Rogério Fernandes

Personal information
- Full name: Rogério Vaz Afonso Fernandes
- Date of birth: 28 August 2002 (age 23)
- Place of birth: Seixal, Portugal
- Height: 1.70 m (5 ft 7 in)
- Position: Right-back

Team information
- Current team: Real

Youth career
- 2012–2018: Arrentela
- 2018–2021: Casa Pia

Senior career*
- Years: Team / Apps / (Gls)
- 2021–2023: Casa Pia / 3 / (0)
- 2022: → Praiense (loan) / 11 / (0)
- 2023: Praiense / 8 / (0)
- 2023–: Real / 4 / (0)

International career^{‡}
- 2023–: São Tomé and Príncipe / 1 / (0)

= Rogério Fernandes =

Portuguese footballer

Rogério Vaz Afonso Fernandes (born 28 August 2002) is a professional footballer who plays as a right-back for Real.
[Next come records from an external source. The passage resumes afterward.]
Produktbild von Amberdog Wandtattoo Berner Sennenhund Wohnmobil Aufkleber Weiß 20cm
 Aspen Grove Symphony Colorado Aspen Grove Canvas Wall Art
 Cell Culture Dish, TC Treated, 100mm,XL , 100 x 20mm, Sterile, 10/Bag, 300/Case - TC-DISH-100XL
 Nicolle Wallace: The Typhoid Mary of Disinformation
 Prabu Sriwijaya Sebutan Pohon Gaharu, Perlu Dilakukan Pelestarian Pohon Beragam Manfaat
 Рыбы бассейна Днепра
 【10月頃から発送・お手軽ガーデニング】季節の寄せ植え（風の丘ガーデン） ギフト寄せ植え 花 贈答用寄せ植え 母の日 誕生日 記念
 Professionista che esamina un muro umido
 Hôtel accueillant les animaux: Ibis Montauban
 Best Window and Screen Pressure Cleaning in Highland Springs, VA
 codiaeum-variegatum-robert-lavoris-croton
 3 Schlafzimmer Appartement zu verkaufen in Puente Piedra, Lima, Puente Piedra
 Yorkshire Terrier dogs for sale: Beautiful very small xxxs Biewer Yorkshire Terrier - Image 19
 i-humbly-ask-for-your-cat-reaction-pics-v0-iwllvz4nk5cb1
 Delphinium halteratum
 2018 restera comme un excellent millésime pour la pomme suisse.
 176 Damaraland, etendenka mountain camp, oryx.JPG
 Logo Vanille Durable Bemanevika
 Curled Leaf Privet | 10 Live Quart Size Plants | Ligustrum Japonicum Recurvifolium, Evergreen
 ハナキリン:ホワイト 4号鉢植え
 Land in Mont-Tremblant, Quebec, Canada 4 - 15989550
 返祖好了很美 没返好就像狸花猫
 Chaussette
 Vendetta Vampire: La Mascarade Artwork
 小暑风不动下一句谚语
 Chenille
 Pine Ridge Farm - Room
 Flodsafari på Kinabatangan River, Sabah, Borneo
Born in Portugal, he plays for the São Tomé and Príncipe national team.

==Professional career==
Fernandes is a youth product of Arrentela, before moving to Casa Pia's youth academy in 2018. On 20 May 2021, he signed his first professional contract with Casa Pia. On 31 January 2021, he was loaned to Praiense in the Portuguese fourth division. He returned to Casa Pia for the 2022–23 season, as they were newly promoted to the Primeira Liga.

==International career==
Born in Portugal, Fernandes is of Santomean descent. He was called up to the São Tomé and Príncipe national team for a set of 2023 Africa Cup of Nations qualification matches in September 2023.

==Personal life==
Fernandes' twin brother, Ricardo, is also a professional footballer.